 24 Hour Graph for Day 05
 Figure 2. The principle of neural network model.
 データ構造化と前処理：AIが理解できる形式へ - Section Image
--
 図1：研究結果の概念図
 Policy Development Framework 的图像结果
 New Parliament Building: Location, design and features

Requirement | Nothing should appear in the answer except the lines above from the line with "Policy Development Framework 的图像结果" through the line with "New Parliament Building: Location, design", both included, written out exactly.

Answer to the exercise |
 Policy Development Framework 的图像结果
 New Parliament Building: Location, design and features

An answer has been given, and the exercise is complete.